[SUPPLIED DATA Boundary: Start]
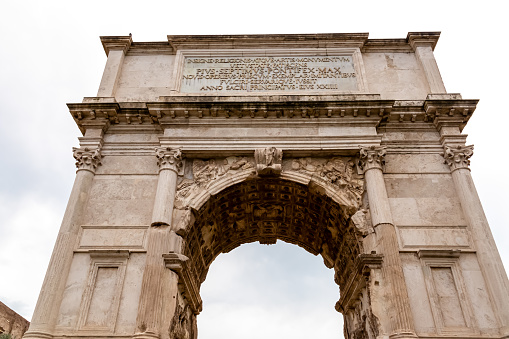 Triumphal Arch of Constantine near Colosseum in the city of Rome, Lazio, Italy, Europe. Arch of Titus in Roman Forum. Beautiful travel destination picture. Cityscape, concept tourism, architecture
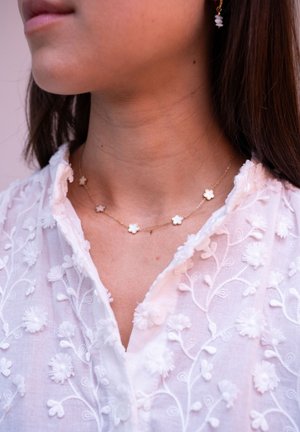 Złoty naszyjnik z łańcuchem z białymi pendantami w kształcie kwiatów. Posiada pięć płatków, delikatny design, noszony z białą haftowaną bluzką.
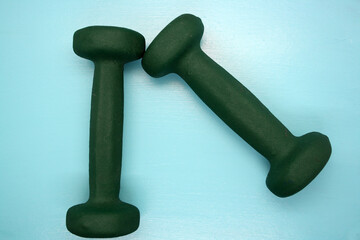 Dumbbells for exercise on a blue background.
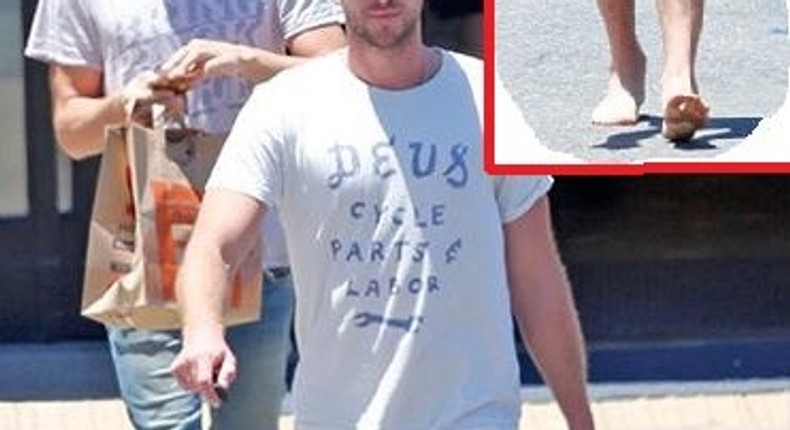 Liam Hemsworth goes barefoot in Malibu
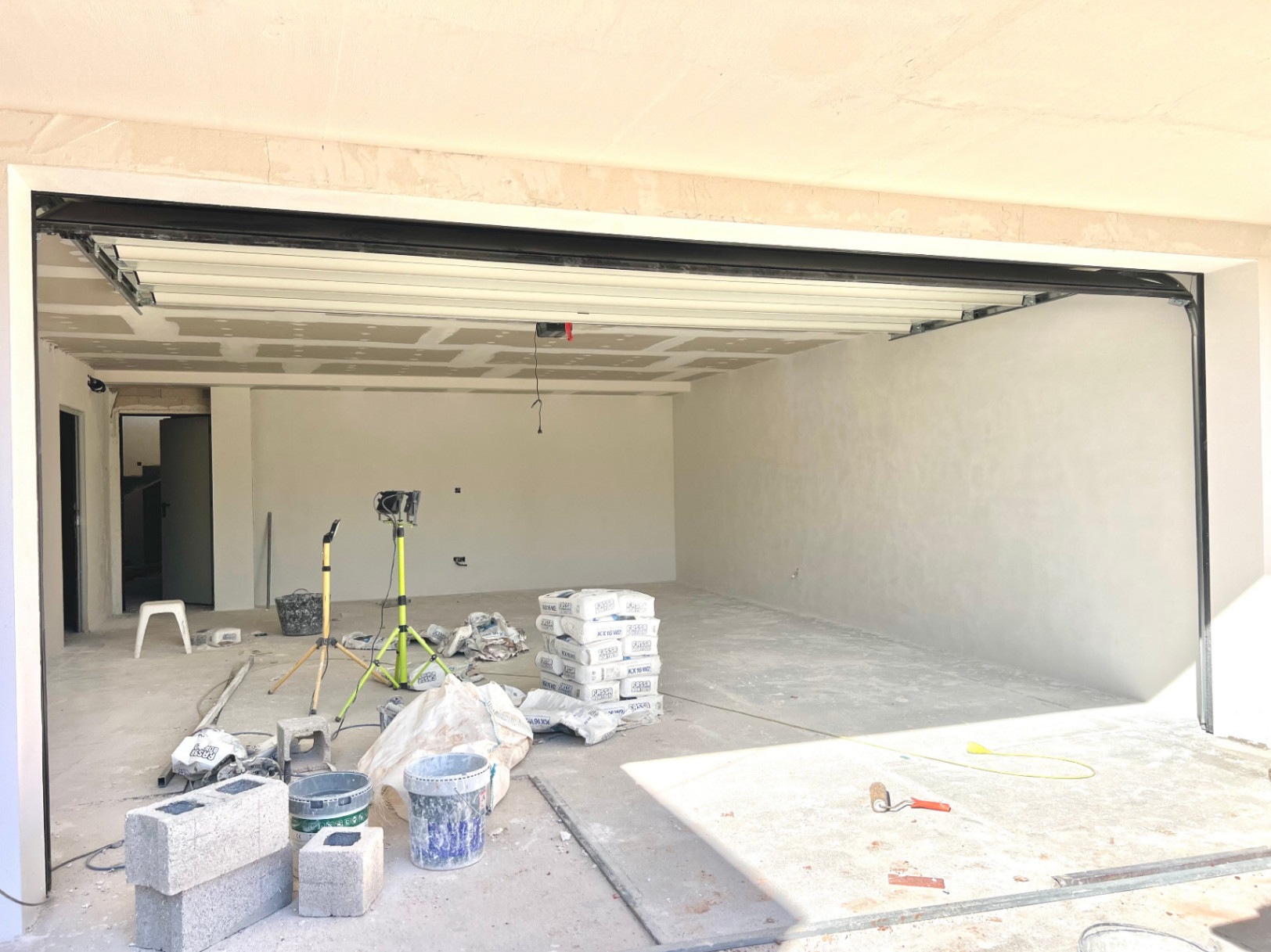Amplio garaje en fase de construcción con puerta seccional blanca, techos altos y espacio diáfano para varios vehículos o usos adicionales.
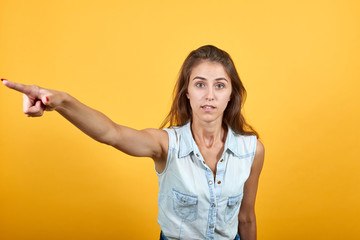 Caucasian young woman in blue denim shirt pointing into distance, looking confused isolated on orange background in studio. People sincere emotions, lifestyle concept.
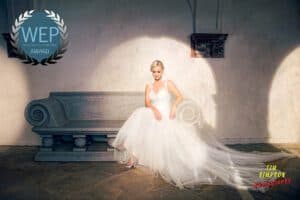 A bride in a flowing white wedding dress sits elegantly on a stone bench. Sunlight highlights her and casts shadows on the wall behind. The image bears the "WEP Award" logo in the top left and "Tim Simpson Photography" in the bottom right corner.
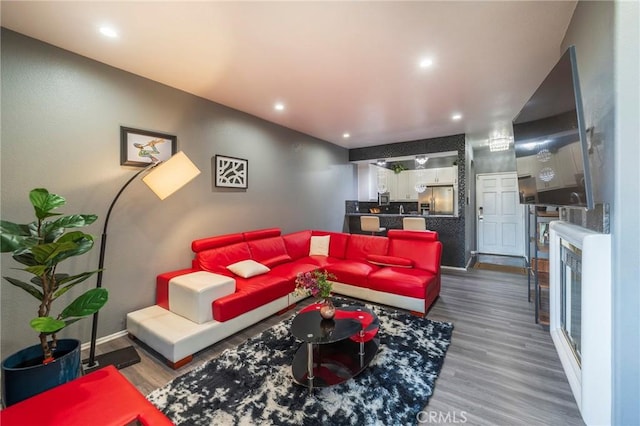 living room featuring dark wood-type flooring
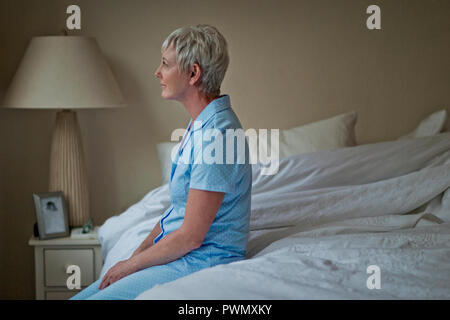 Reife Frau sitzt in ruhiger Lage am Rande von ihrem Bett und hat ein Moment der Reflexion vor Beginn des Tages. Stockfoto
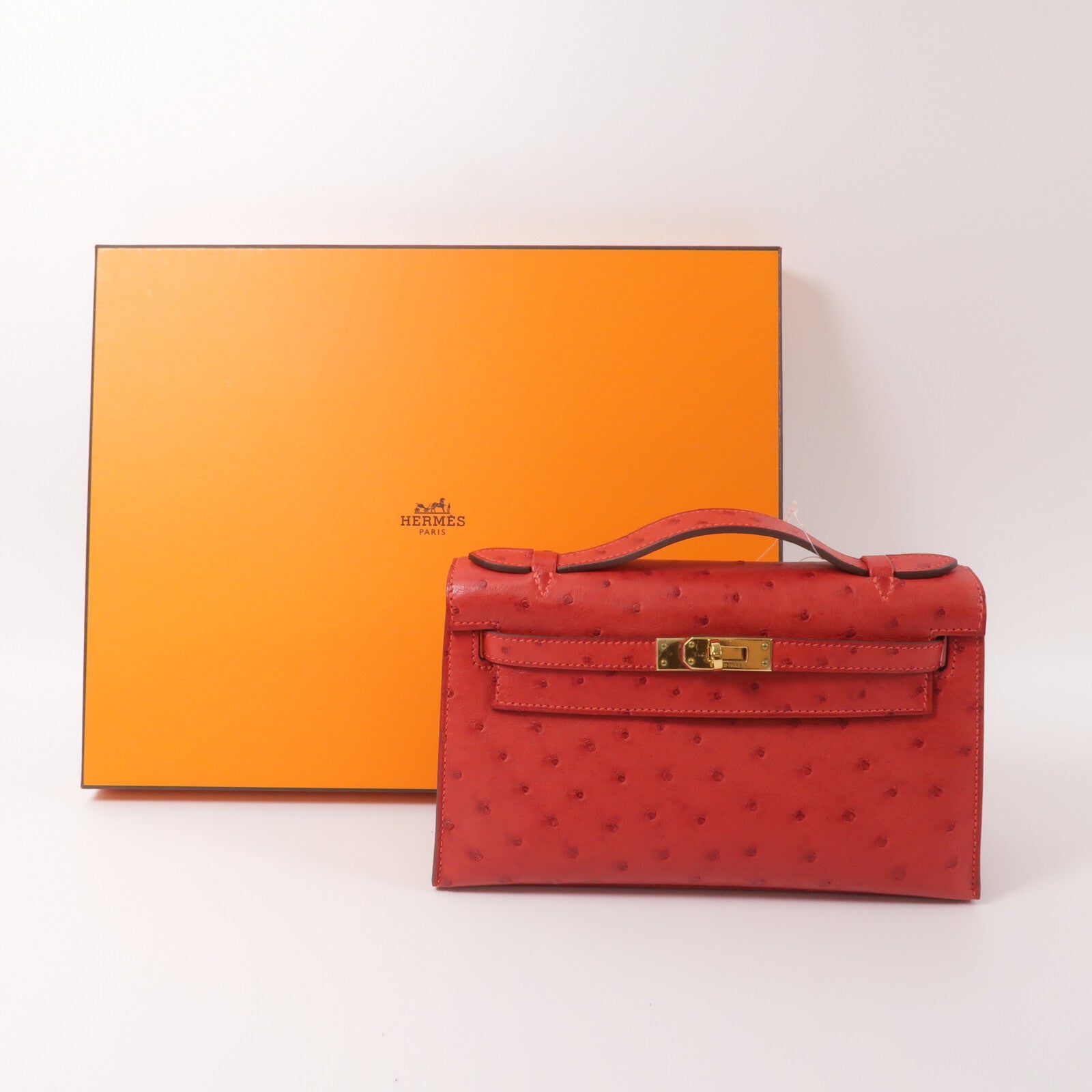 HERMES 鴕鳥皮革Kelly Pochette手挽袋Rouge Vif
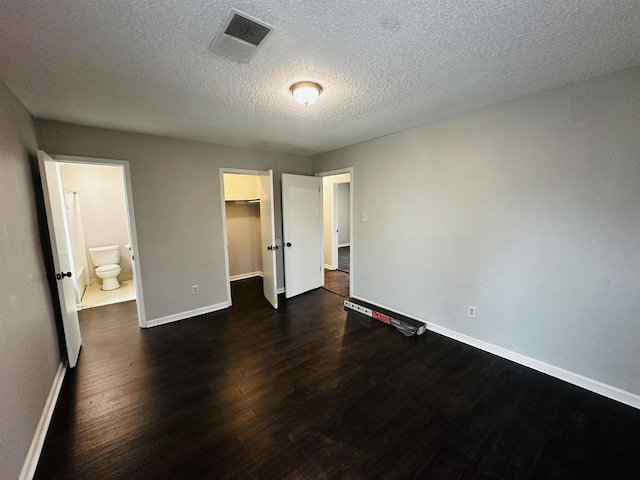 unfurnished bedroom with a walk in closet, dark wood finished floors, visible vents, connected bathroom, and baseboards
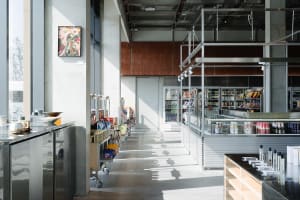 Modern industrial-style convenience store interior with polished concrete floors, stainless steel counters, open shelving, and a second-floor mezzanine structure.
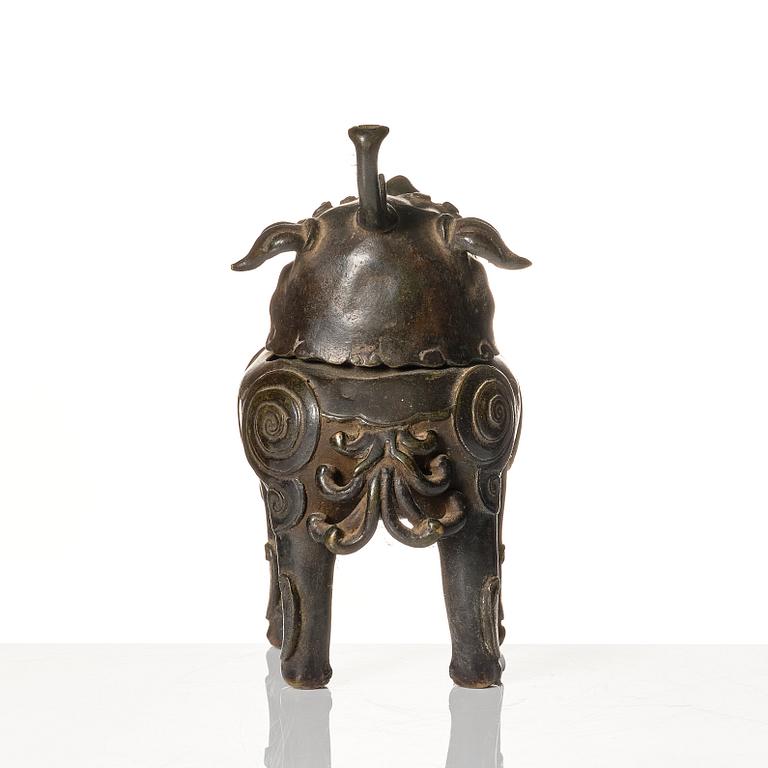 A bronze censer in the shape of a buddhist lion, Ming dynasty (1368-1644).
[SUPPLIED DATA Boundary: End]
YOUR OBJECTIVE ▸ Your answer must be the exact lines from the records above, from the one containing "Dumbbells for exercise on a blue background." through the one containing "living room featuring", both included, with every picture left out.

OUTPUT FOR THIS TASK ▸
 Dumbbells for exercise on a blue background.
 Liam Hemsworth goes barefoot in Malibu
Amplio garaje en fase de construcción con puerta seccional blanca, techos altos y espacio diáfano para varios vehículos o usos adicionales.
 Caucasian young woman in blue denim shirt pointing into distance, looking confused isolated on orange background in studio. People sincere emotions, lifestyle concept.
 A bride in a flowing white wedding dress sits elegantly on a stone bench. Sunlight highlights her and casts shadows on the wall behind. The image bears the "WEP Award" logo in the top left and "Tim Simpson Photography" in the bottom right corner.
 living room featuring dark wood-type flooring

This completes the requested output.